Vom Midtempo haben die Herren anscheinend wirklich genug, denn auf dieser Scheibe gibt es wieder anständig Metal mitten auf die Zwölf. Als eine der erfolgreichsten Metal-Bands der letzten Jahre bieten Amon Amarth nach dem schon wirklich überzeugenden Vorgänger "With oden on our side" ein weiteres Highlight in ihrem genialen Backkatalog.
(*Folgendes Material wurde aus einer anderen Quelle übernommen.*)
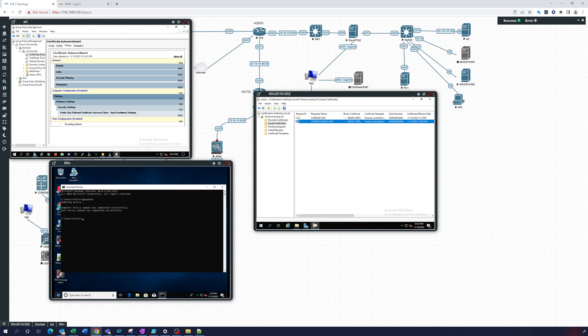So now we have, automatically without really too much trouble at all, we've created it so that every computer will get a certificate.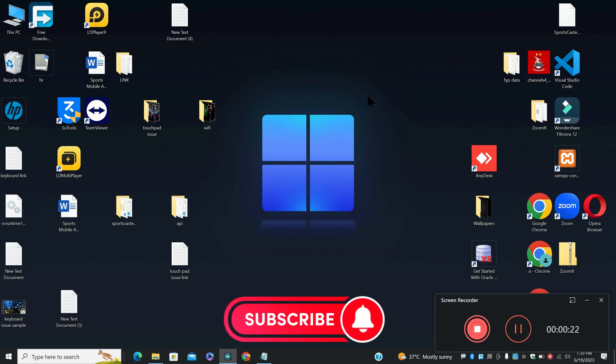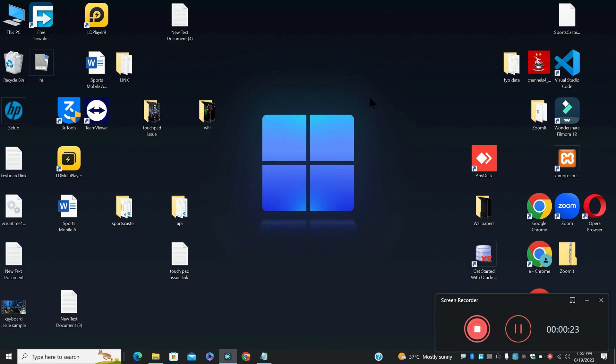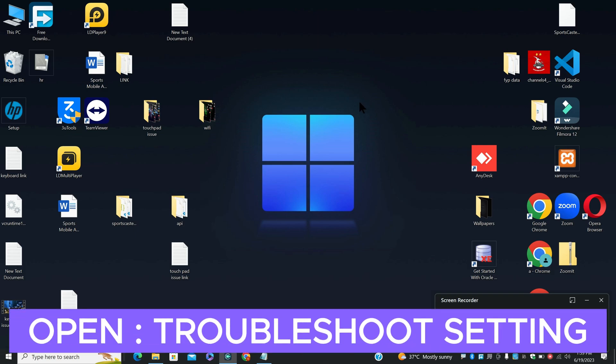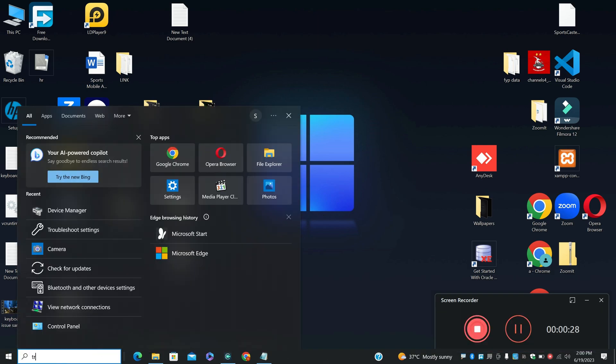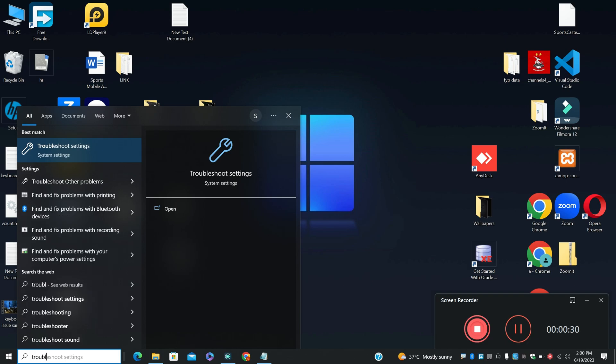Before I start, if you are new to my channel, don't forget to subscribe and press the bell icon. Let's watch the complete video, follow all the steps and you will learn it. Thank you.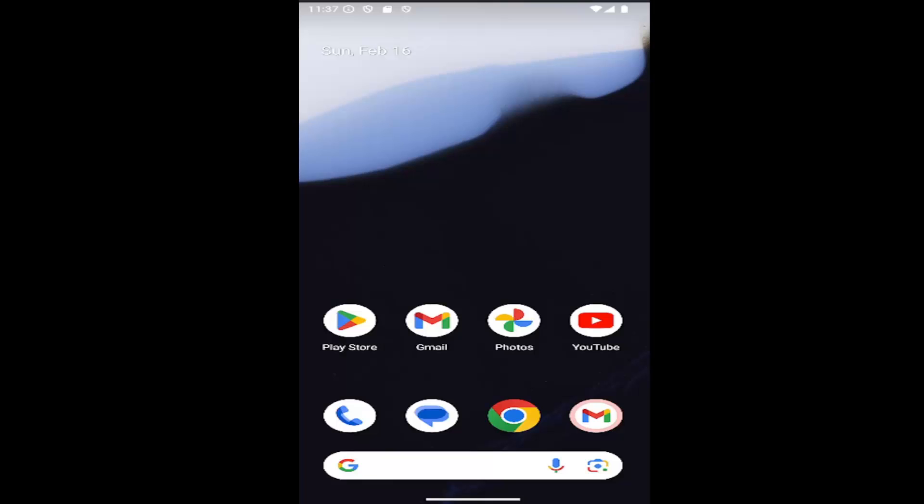In today's tutorial, I'm going to show you guys how to change the region settings on your Google Pixel smartphone for assisted dialing.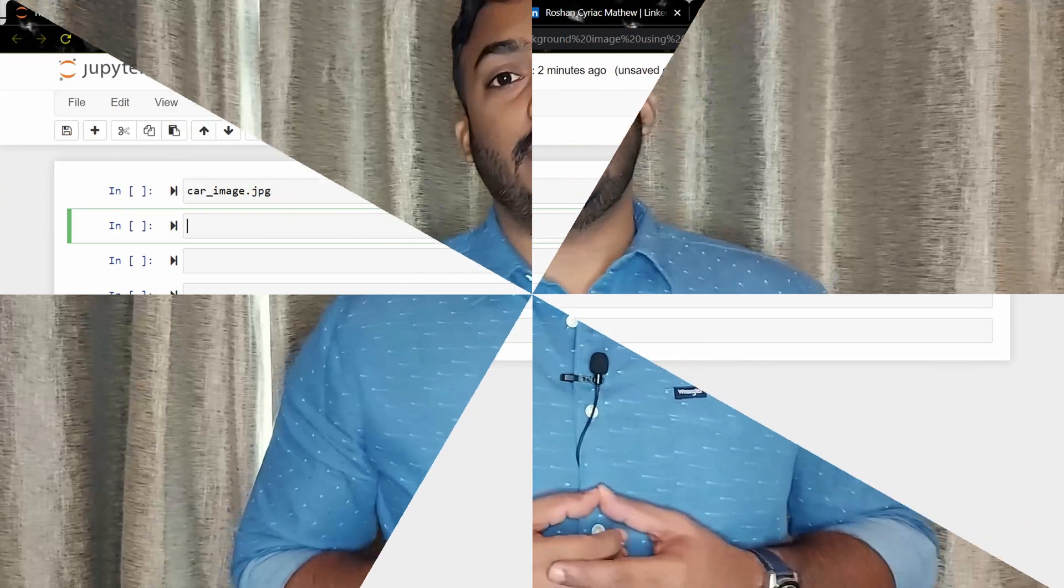Hey everyone, this is Roshan Suryak Mathew and in this video I'm going to tell you how you can remove background from images using Python. There is a library in Python called rembg that helps to remove background from images. Let me show you how it's done.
"Twilight of the thunder god" ist beinharter Metal, wie er im Buche steht. Hier wird nicht lange gefrickelt, sondern einfach drauflos gespielt und das funktioniert einfach wunderbar. Doch während sich andere Bands in belanglosen und sperrigen Melodien, die überhaupt nicht ins Ohr gehen, schaffen es die Jungs von Amon Amarth als eine von wenigen Gruppen aus diesem Genre ihren Songs immer eine gewisse Eingängigkeit mitzugeben, was der Musik wirklich gut tut und sie somit auch viel leichter zugänglich wird.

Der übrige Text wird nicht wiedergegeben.